The _M_IX86_FP and __AVX__ macros indicate which, if any, /arch compiler option was used. For more information, see Predefined Macros.
The optimizer chooses when and how to use the SSE and SSE2 instructions when /arch is specified. It uses SSE and SSE2 instructions for some scalar floating-point computations when it determines that it is faster to use the SSE/SSE2 instructions and registers instead of the x87 floating-point register stack. As a result, your code will actually use a mixture of both x87 and SSE/SSE2 for floating-point computations. Also, with /arch:SSE2, SSE2 instructions can be used for some 64-bit integer operations.
In addition to using the SSE and SSE2 instructions, the compiler also uses other instructions that are present on the processor revisions that support SSE and SSE2. An example is the CMOV instruction that first appeared on the Pentium Pro revision of the Intel processors.

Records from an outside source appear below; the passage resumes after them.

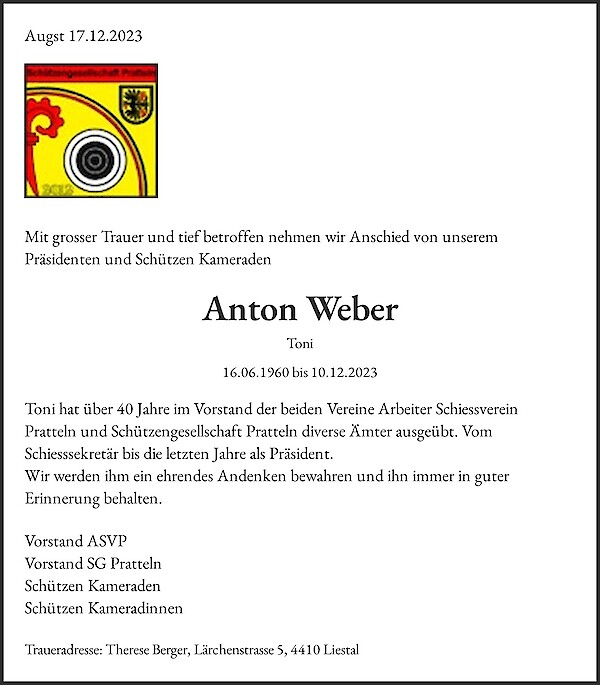 Todesanzeige von Anton Weber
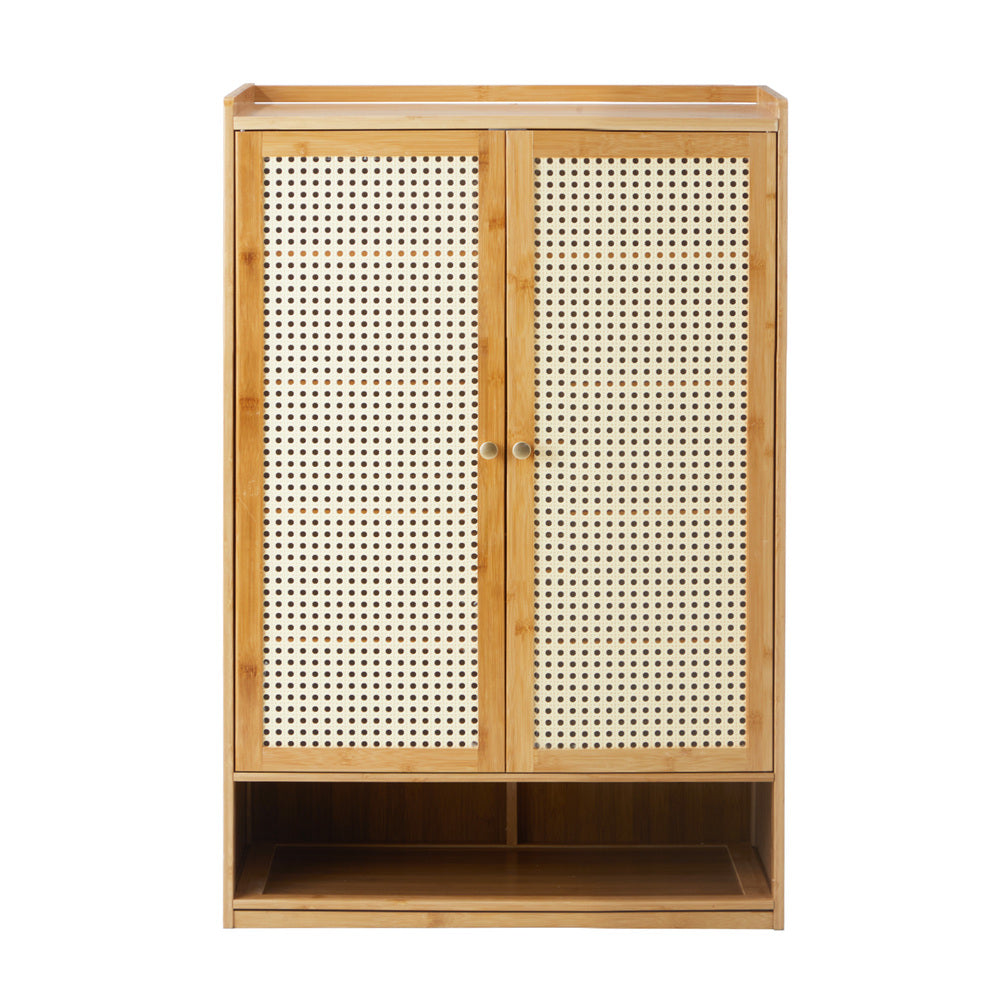 Bamboo Centrum Modern 30-70 Pair Shoe Cabinet  | Rattan Style Bamboo Shoe Storage Organiser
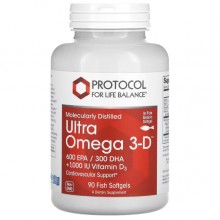 Омега 3 Protocol for Life Balance Ultra Omega 3D 90 Softgels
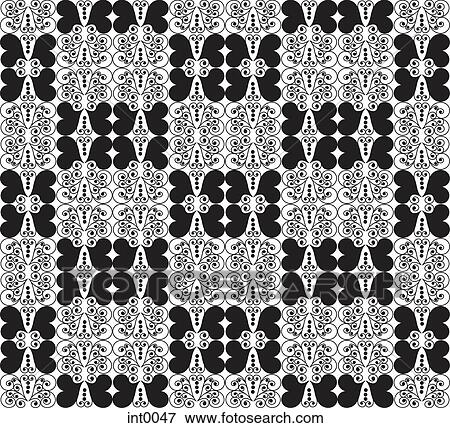 Stock Illustration - A black and white decorative pattern. Fotosearch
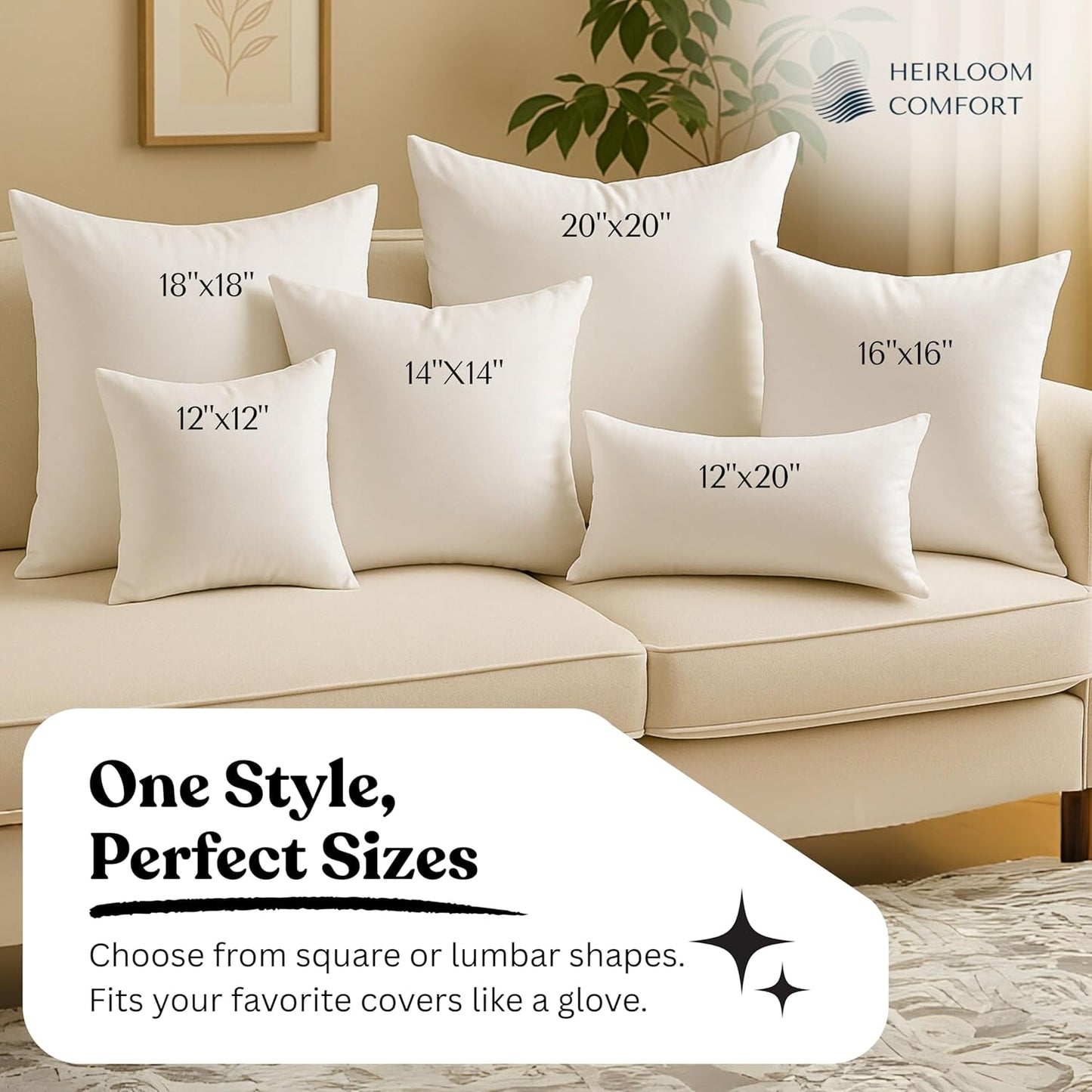 Lumbar Pillow Inserts (Pack of 2, 12"x20", White, Polyester) - Rectangular Throw Cushion for Lower Back Support, Office Chair, Sofa or Bed - Perfect for Back Support & Stylish Decor
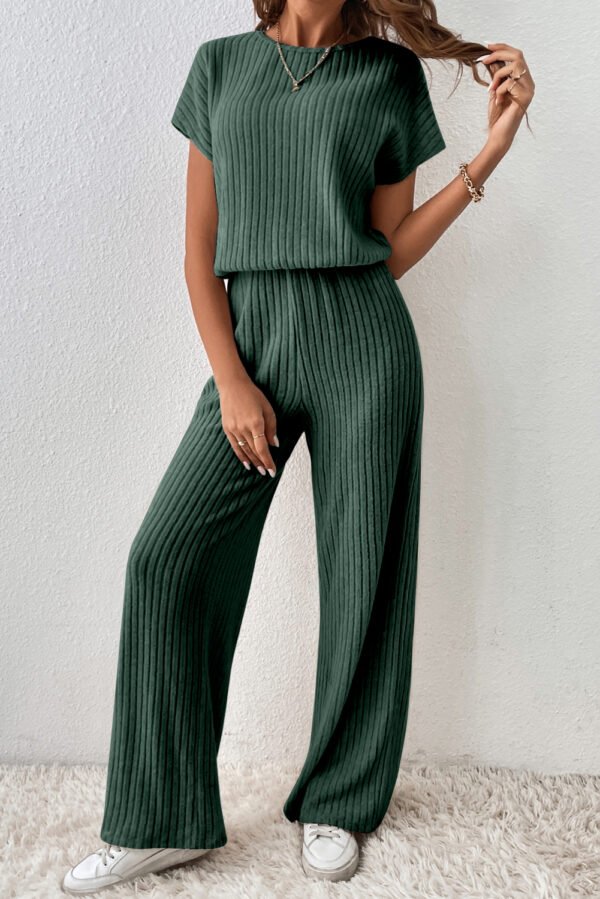 dark grey ribbed keyhole short sleeve wide leg jumpsuit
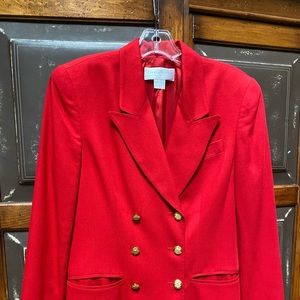 Liz Claiborne Petite Collection Red Linen Blazer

Because the x86 compiler generates code that uses SSE2 instructions by default, you must specify /arch:IA32 to disable generation of SSE and SSE2 instructions for x86 processors.
When you use /clr to compile, /arch has no effect on code generation for managed functions. /arch only affects code generation for native functions.
/arch and /QIfist cannot be used on the same compiland. In particular, if you do not use _controlfp to modify the FP control word, then the run-time startup code sets the x87 FPU control word precision-control field to 53-bits. Therefore, every float and double operation in an expression uses a 53-bit significand and a 15-bit exponent. However, every SSE single-precision operation uses a 24-bit significand and an 8-bit exponent, and SSE2 double-precision operations use a 53-bit significand and an 11-bit exponent. For more information, see _control87, _controlfp, __control87_2. These differences are possible in one expression tree, but not in cases where a user assignment is involved after each subexpression. Consider the following:
r = f1 * f2 + d; // Different results are possible on SSE/SSE2.
t = f1 * f2; // Do f1 * f2, round to the type of t. r = t + d; // This should produce the same overall result // whether x87 stack is used or SSE/SSE2 is used.
To set this compiler option for AVX, IA32, SSE or SSE2 in Visual Studio
Open the Property Pages dialog box for the project. For more information, see How to: Open Project Property Pages.
Select the C/C++ folder.
Select the Code Generation property page.
Modify the Enable Enhanced Instruction Set property.